Heilmann hit .394 and edged Cobb for the batting crown, Ty ending the season at .389. Most impressively, mediocre hitters like Haney (.352 as a rookie under Cobb), Johnny Bassler (.310 under Cobb), and Larry Woodall (.351 in his first two seasons under Ty’s tutelage). In fact, practically every Tiger batter saw his average and power increase under Cobb. During his six seasons as Detroit’s manager, Ty’s Tigers batted .323, .318, .310, .308, .310, and .299 (excluding pitcher batting). His batter’s won four batting titles (three for Heilmann and one for Heinie Manush).
“[He] was a master at getting you to work hard on your swing,” Manush said years later. “I came away from my years in Detroit with a more intelligent idea of how to hit a baseball.” Manush hit .330 in four seasons under Cobb, and as a left-handed hitter he tried to emulate Ty’s picture perfect stroke.
Despite never being able to deliver the pennant he wanted as manager of the Tigers, Cobb earned respect throughout the league for his skills as a manager and coach. Philadelphia owner/manager Connie Mack, long an admirer of Cobb’s, was especially impressed.
“Ty was a great coach. I doubt if his equal has ever lived,” Mack said years later, “He did as well, with the material they gave him, as anybody could have done. So why call him a bad manager?. . . Ty never had a good pitching staff. His outfield was bad defensively, and his infield was worse. As a fielding combination, the Tigers were like an old sieve. But how those boys could hit and score runs? Ty coached them and he kept them on their toes.”
A green young ballplayer arrived in Detroit in 1926 and found himself playing his first big league season with Cobb as his skipper and hitting mentor. Charlie Gehringer later admitted that Cobb didn’t speak much to him, but that was somewhat by design.

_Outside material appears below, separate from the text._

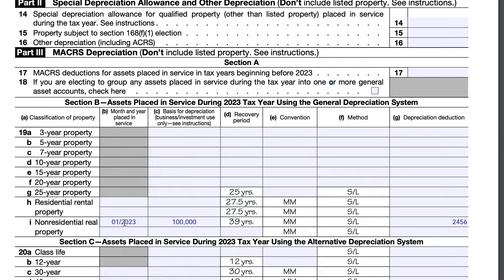The straight-line method means you take the same amount of depreciation every year over the recovery period. However, you do need to make an adjustment for the first year depending on the month you placed it into service — that's the mid-month convention. For example, if you placed an asset into service in January 2023, you can take depreciation as if you put it into service on January 15th, regardless of the actual date — whether that's January 1st or January 31st.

“He told me to never let anyone change my swing,” Gehringer said. Cobb recognized that Gehringer had a great approach and was gifted naturally, he gave the young infielder very little instruction, other than to show him how to bunt the ball down the third base line. Gehringer went on to win a batting title and earn a place of his own in Cooperstown.
Even though Cobb was saddled with guiding the Tigers as their manager and giving batting tips to his charges, he didn’t neglect his own play. In his late 30s, Cobb’s body wasn’t as nimble as it once had been and he toned down his daring baserunning play, but he still swung a dangerous piece of hickory. In ’21, Ty hit .389, he batted .401 the next season, and followed with marks of .340, .338, .378, and .339. Twice he topped the 200-hit mark. He still liked to get in on the Detroit hit parade, and his effect on his ballplayers was never forgotten.

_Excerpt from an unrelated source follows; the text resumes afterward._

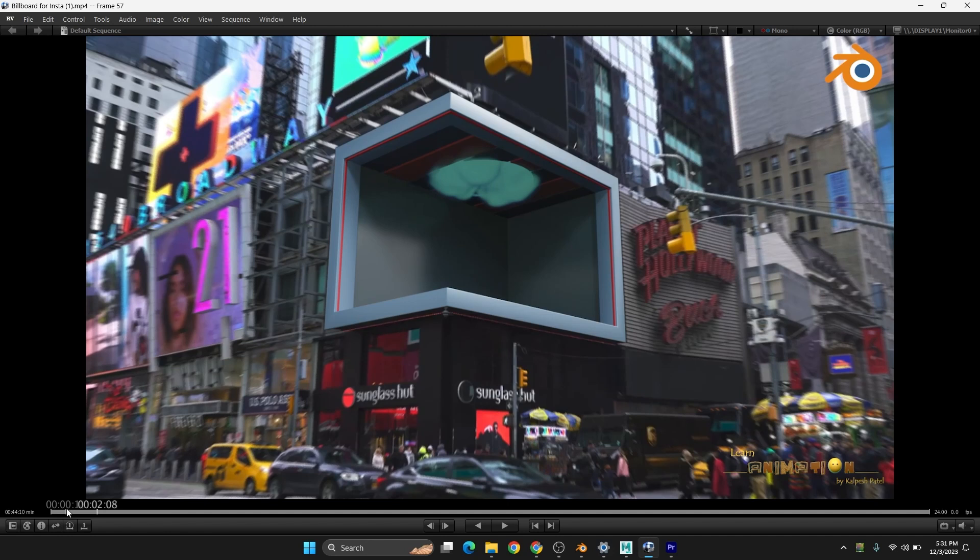Hello everyone, welcome to my channel Learn to Become an Animator. In this video I am going to show you how you can create the camera very easily for any images or any video or any location.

“[Cobb was] unquestionably, the greatest ball player who ever lived – by far,” Heilmann told reporters in 1939. “And he would have been a great banker, an outstanding industrialist, a famous general, or a potent figure in any field he chose. No other man I’ve ever known had Ty Cobb’s frenzy for excellence, his self-discipline of his tremendous application. I call him the best friend I ever had in baseball.”
He was Heilmann’s best hitting coach too, and the greatest the Tigers ever had.